_Exercise description:_ Please count how many lines in the entries below contain "November" and reply with the figure alone.

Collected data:
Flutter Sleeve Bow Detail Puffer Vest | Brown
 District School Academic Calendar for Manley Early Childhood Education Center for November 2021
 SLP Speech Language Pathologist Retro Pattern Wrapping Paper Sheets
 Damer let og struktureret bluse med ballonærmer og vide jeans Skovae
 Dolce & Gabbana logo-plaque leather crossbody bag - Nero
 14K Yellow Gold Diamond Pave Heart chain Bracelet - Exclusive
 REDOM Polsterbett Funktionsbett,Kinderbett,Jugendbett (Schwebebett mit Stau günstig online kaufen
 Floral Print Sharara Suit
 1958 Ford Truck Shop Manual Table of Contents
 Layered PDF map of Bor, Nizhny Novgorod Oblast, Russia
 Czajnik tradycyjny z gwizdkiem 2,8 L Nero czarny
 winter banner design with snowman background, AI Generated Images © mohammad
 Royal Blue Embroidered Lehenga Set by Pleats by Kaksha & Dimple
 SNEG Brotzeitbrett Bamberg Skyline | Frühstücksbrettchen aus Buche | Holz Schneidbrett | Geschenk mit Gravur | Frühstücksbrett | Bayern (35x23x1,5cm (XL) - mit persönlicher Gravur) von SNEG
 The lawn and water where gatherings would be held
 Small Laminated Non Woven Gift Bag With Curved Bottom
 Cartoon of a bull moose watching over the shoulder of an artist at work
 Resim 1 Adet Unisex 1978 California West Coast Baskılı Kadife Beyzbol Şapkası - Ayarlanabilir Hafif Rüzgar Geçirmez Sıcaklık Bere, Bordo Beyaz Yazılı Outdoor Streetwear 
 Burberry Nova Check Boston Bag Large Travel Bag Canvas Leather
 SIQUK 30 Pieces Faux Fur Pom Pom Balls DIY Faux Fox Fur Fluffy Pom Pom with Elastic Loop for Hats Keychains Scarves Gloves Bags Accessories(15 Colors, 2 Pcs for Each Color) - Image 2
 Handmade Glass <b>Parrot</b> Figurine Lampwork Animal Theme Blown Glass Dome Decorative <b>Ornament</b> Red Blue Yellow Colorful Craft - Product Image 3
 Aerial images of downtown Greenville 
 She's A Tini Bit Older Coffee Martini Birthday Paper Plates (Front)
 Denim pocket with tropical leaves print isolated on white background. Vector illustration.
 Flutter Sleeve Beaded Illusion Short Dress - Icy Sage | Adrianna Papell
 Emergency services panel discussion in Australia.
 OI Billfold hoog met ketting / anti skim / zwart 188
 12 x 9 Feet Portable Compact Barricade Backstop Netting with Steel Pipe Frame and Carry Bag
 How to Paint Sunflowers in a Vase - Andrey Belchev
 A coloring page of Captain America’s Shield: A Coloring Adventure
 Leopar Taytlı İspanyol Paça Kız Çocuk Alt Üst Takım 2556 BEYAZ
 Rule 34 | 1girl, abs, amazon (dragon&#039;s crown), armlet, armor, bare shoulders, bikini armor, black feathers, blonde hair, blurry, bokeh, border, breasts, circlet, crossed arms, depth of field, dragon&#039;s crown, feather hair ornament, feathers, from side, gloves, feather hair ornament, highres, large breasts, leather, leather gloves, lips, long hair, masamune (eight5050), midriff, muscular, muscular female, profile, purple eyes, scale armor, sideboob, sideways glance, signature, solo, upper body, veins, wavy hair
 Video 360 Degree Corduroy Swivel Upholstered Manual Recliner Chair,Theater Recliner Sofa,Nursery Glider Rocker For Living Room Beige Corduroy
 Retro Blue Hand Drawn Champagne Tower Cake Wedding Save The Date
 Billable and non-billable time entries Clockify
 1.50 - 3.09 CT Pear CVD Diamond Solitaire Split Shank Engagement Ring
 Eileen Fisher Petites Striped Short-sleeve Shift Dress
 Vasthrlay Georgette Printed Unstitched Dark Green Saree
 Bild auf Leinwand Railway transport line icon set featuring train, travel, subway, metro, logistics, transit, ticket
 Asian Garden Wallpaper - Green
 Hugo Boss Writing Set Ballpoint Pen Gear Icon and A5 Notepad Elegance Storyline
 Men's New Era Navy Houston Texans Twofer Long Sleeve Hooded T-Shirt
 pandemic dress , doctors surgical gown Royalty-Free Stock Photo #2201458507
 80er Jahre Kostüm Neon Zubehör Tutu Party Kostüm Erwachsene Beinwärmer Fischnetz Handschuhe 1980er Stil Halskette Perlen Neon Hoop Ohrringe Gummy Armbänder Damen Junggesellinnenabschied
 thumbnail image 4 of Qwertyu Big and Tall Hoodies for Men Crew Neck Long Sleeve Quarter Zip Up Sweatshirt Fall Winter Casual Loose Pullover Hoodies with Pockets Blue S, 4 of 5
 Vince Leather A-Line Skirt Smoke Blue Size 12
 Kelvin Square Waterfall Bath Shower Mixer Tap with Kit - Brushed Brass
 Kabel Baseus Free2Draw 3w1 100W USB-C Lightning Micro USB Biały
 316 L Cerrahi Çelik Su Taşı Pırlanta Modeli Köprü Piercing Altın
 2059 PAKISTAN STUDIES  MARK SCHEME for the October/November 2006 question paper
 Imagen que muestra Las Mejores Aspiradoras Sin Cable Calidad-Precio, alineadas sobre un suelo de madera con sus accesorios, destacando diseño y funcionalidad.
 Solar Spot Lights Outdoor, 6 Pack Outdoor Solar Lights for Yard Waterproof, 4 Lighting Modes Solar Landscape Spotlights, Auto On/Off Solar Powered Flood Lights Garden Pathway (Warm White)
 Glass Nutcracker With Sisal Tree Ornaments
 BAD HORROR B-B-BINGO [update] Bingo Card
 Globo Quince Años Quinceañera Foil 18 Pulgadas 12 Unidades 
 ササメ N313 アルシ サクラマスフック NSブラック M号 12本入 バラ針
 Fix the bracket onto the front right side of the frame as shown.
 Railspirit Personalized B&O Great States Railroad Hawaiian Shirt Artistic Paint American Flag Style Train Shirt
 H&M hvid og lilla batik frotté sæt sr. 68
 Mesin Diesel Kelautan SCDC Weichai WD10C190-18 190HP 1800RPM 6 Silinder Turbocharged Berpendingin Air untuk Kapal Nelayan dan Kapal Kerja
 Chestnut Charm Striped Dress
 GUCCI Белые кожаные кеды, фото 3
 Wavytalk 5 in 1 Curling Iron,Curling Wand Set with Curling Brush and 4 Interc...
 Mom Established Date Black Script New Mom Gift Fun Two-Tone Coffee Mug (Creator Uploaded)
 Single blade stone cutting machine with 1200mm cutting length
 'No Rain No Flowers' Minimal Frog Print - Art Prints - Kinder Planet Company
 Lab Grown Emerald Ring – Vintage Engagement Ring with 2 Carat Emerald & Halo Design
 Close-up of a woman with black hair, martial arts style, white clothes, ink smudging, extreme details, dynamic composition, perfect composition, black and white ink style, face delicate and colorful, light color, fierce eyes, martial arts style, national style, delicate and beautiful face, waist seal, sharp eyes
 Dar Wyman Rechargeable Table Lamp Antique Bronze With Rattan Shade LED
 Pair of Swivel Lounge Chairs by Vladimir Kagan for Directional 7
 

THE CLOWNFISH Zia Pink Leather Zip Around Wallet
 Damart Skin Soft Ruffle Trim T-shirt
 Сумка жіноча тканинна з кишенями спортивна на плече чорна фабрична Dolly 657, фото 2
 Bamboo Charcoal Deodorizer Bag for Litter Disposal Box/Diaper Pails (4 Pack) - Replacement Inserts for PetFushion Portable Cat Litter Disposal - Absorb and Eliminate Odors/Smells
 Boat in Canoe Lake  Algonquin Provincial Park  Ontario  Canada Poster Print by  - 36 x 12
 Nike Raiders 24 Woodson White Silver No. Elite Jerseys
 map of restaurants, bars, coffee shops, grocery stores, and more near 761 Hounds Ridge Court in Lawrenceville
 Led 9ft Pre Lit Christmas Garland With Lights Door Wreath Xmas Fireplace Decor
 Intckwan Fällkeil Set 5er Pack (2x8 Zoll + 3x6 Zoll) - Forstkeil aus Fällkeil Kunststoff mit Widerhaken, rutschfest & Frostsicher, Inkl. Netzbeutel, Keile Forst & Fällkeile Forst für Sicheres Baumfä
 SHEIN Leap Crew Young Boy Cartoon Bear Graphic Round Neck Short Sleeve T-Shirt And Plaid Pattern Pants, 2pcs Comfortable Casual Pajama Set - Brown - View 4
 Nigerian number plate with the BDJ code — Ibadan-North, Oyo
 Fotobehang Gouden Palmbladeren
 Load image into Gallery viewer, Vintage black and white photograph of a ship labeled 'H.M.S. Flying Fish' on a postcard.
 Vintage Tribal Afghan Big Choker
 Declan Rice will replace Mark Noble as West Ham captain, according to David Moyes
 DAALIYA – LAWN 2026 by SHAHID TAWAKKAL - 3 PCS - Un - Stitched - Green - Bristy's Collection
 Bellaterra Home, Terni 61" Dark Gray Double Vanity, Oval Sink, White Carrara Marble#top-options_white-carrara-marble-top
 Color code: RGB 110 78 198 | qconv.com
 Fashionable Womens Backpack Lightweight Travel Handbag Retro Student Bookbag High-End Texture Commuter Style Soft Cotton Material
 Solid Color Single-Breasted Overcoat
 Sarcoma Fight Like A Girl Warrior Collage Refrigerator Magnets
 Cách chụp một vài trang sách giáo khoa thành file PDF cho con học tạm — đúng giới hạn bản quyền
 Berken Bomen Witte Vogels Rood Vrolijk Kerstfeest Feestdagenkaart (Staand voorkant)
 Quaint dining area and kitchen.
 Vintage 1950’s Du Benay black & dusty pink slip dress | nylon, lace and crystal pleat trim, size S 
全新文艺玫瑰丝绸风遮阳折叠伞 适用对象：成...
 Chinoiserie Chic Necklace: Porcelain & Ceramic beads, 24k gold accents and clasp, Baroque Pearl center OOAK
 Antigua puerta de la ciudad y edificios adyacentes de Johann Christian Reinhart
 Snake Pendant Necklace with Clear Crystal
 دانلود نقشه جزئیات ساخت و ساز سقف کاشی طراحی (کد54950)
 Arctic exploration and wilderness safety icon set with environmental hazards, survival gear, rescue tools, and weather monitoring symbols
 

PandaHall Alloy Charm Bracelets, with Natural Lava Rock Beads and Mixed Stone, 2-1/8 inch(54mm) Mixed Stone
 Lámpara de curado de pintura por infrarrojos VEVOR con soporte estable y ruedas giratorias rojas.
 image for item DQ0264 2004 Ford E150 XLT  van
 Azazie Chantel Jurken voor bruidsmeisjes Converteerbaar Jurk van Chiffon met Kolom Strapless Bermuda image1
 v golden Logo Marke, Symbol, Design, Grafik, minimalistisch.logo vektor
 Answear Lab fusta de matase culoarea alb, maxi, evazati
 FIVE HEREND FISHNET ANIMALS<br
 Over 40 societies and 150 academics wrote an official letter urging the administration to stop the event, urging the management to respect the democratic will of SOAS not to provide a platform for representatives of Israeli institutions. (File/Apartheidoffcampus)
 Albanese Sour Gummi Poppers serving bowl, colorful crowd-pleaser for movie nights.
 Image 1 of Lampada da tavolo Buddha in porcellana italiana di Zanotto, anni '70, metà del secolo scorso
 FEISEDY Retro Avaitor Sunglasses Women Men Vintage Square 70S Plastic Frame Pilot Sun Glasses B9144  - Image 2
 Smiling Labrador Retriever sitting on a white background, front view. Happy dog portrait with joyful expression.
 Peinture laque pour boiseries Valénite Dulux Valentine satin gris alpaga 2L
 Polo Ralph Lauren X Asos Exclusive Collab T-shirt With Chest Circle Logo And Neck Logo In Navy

_Problem solution:_ 2